Chatham /ˈætəm/ is a village in Columbia County, New York, United States. The population was 1,770 at the 2010 census.

The village of Chatham is on the border between the towns of Chatham and Ghent. The village is at the junction of Routes 66 and 203.

History

The village was incorporated in 1869. Chatham was originally named Groats Corners. The village is the home of the 1814 Blinn-Pulver Farmhouse.

Chatham hosts a variety of attractions, such as the Crandell Theater, which shows many popular movies at very reasonable prices. The Mac-Hadyn Theater is a summer stock theater, active from May through September, that puts on Broadway-style shows. The famous stage and film actor Nathan Lane was part of their company at one time.

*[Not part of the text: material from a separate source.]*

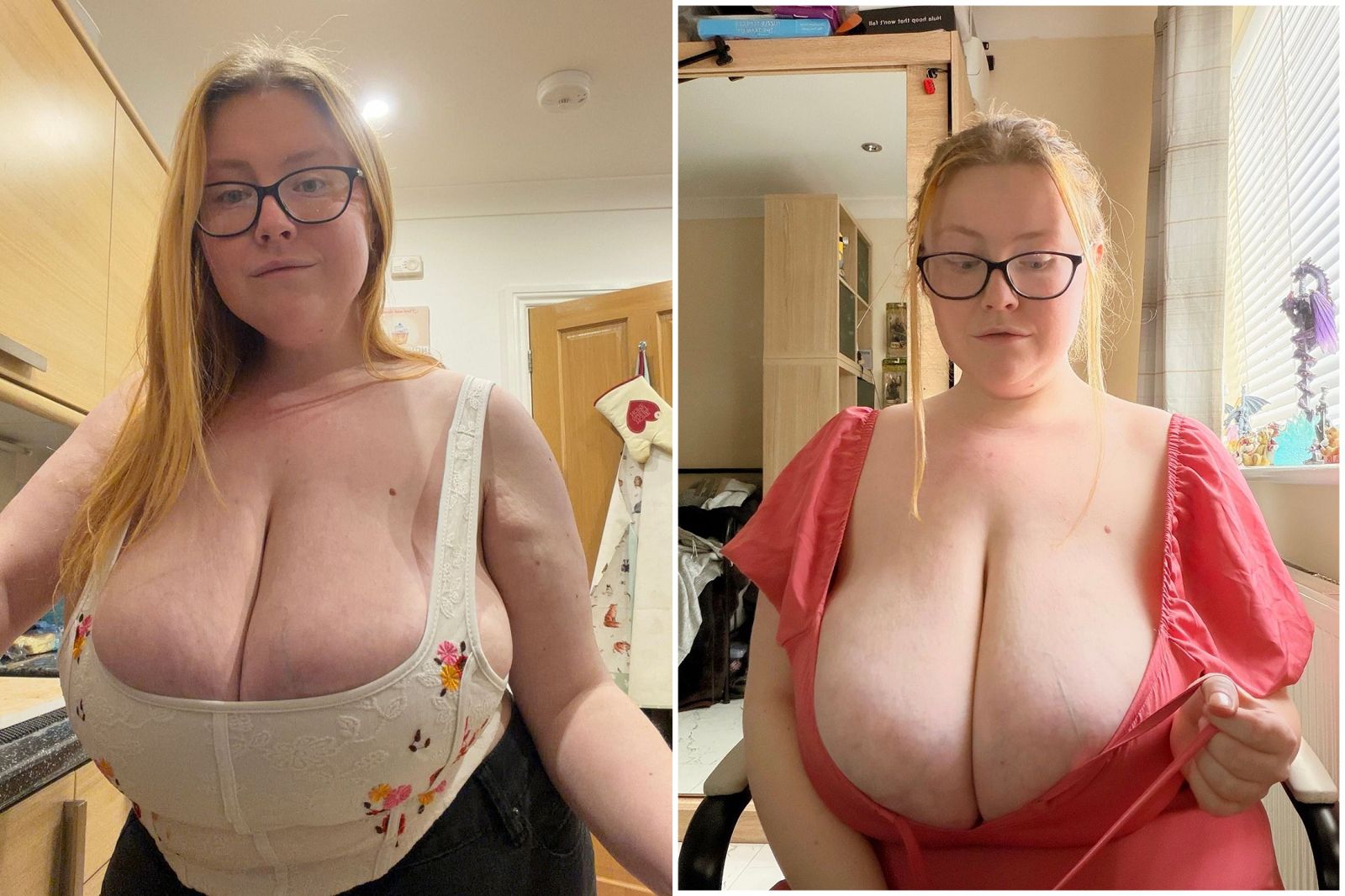 Meta脫窗？她患巨乳症拍照無修圖　竟被IG判AI假圖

The Tracy Memorial Village Hall Complex and Union Station are listed on the National Register of Historic Places.

Geography

Chatham is located at Lua error in package.lua at line 80: module 'Module:mw' not found. (42.36207, -73.599686). The northern half of the village, and the central business area, is in the town of Chatham, while the southern half is in the town of Ghent.

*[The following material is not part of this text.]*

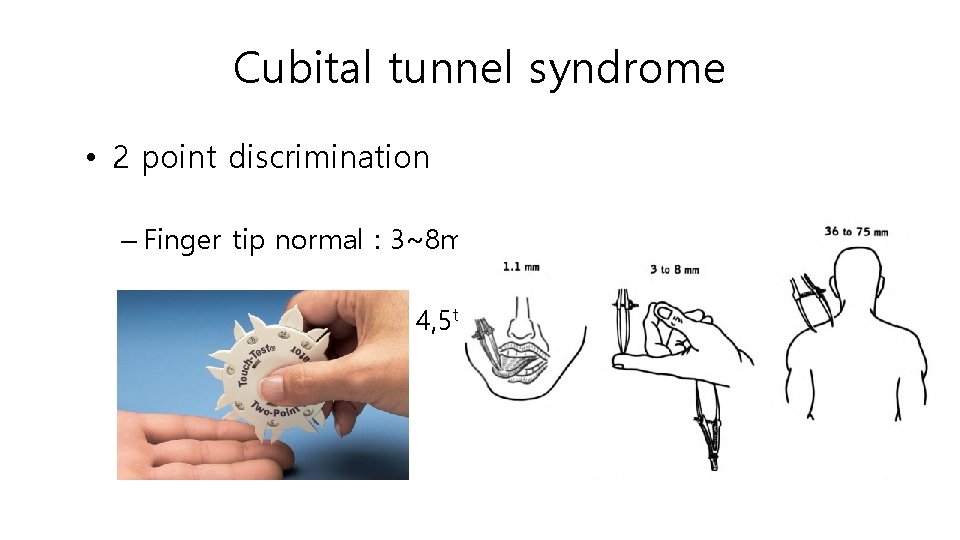 Cubital tunnel syndrome • 2 point discrimination – Finger tip normal : 3~8 mm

According to the United States Census Bureau, the village has a total area of 1.2 square miles (3.2 km2), of which 0.004 square miles (0.01 km2), or 0.34%, is water. The village is located on Stony Kill, a waterway that makes a U-shaped bend through the village and flows north to Kinderhook Creek, a tributary of the Hudson River.

Demographics

Historical population
Census Pop.
1870 1,387
1880 1,765 27.3%
1890 1,912 8.3%
1900 2,018 5.5%
1910 2,251 11.5%
1920 2,710 20.4%
1930 2,424 −10.6%
1940 2,254 −7.0%
1950 2,304 2.2%
1960 2,426 5.3%
1970 2,239 −7.7%
1980 2,001 −10.6%
1990 1,920 −4.0%
2000 1,758 −8.4%
2010 1,770 0.7%
Est. 2015 1,696 −4.2%
U.S. Decennial Census

As of the census of 2000, there were 1,758 people, 742 households, and 425 families residing in the village. The population density was 1,492.0 people per square mile (575.2/km²). There were 802 housing units at an average density of 680.7 per square mile (262.4/km²). The racial makeup of the village was 94.03% White, 3.07% Black or African American, 0.34% Native American, 0.40% Asian, 0.11% Pacific Islander, 0.17% from other races, and 1.88% from two or more races. Hispanic or Latino of any race were 1.65% of the population.

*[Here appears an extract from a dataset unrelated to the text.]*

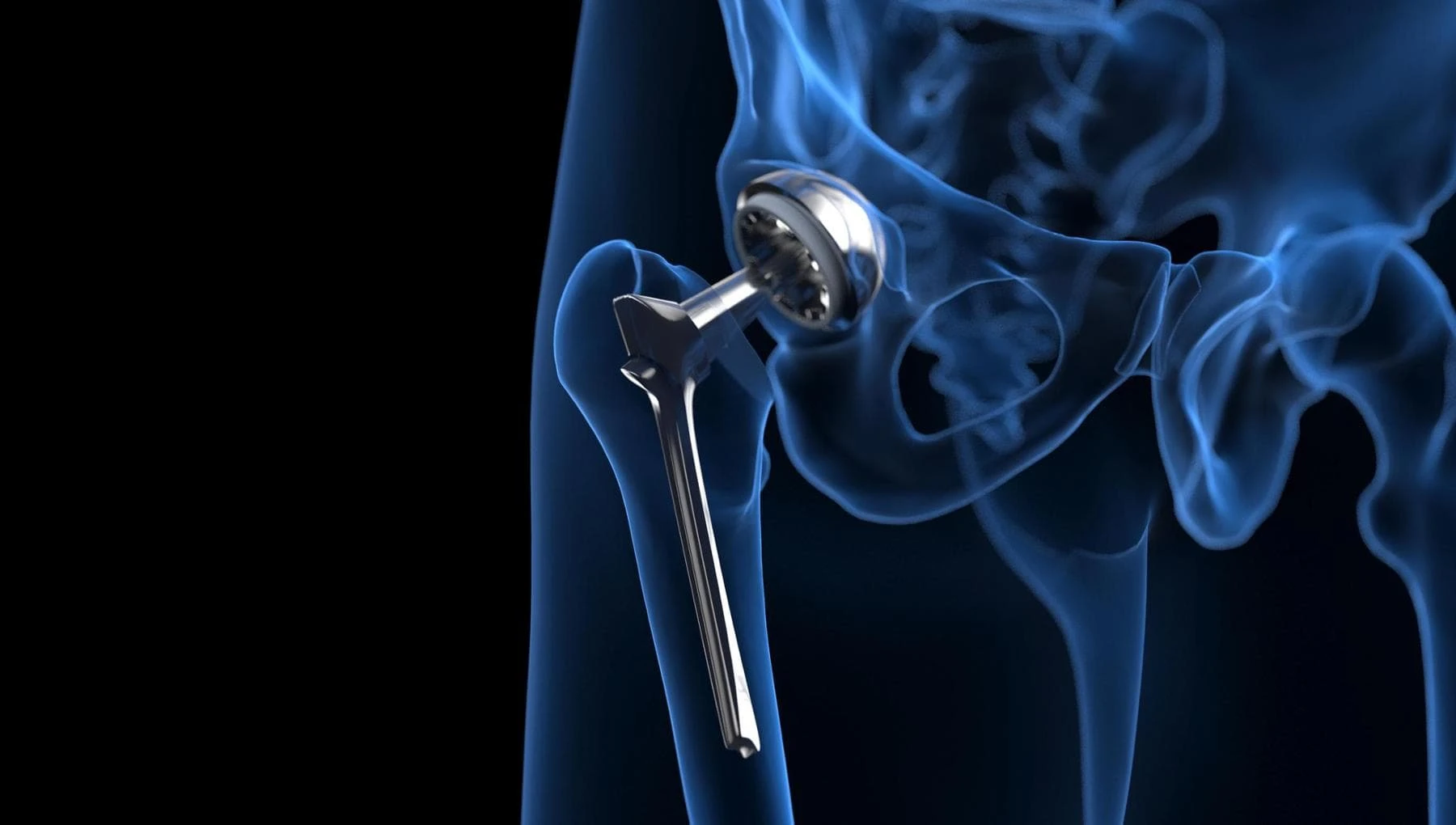 Protesi all’anca, se i muscoli stanno bene il recupero è migliore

There were 742 households out of which 31.1% had children under the age of 18 living with them, 41.0% were married couples living together, 12.4% had a female householder with no husband present, and 42.7% were non-families. 37.6% of all households were made up of individuals and 14.4% had someone living alone who was 65 years of age or older. The average household size was 2.33 and the average family size was 3.06.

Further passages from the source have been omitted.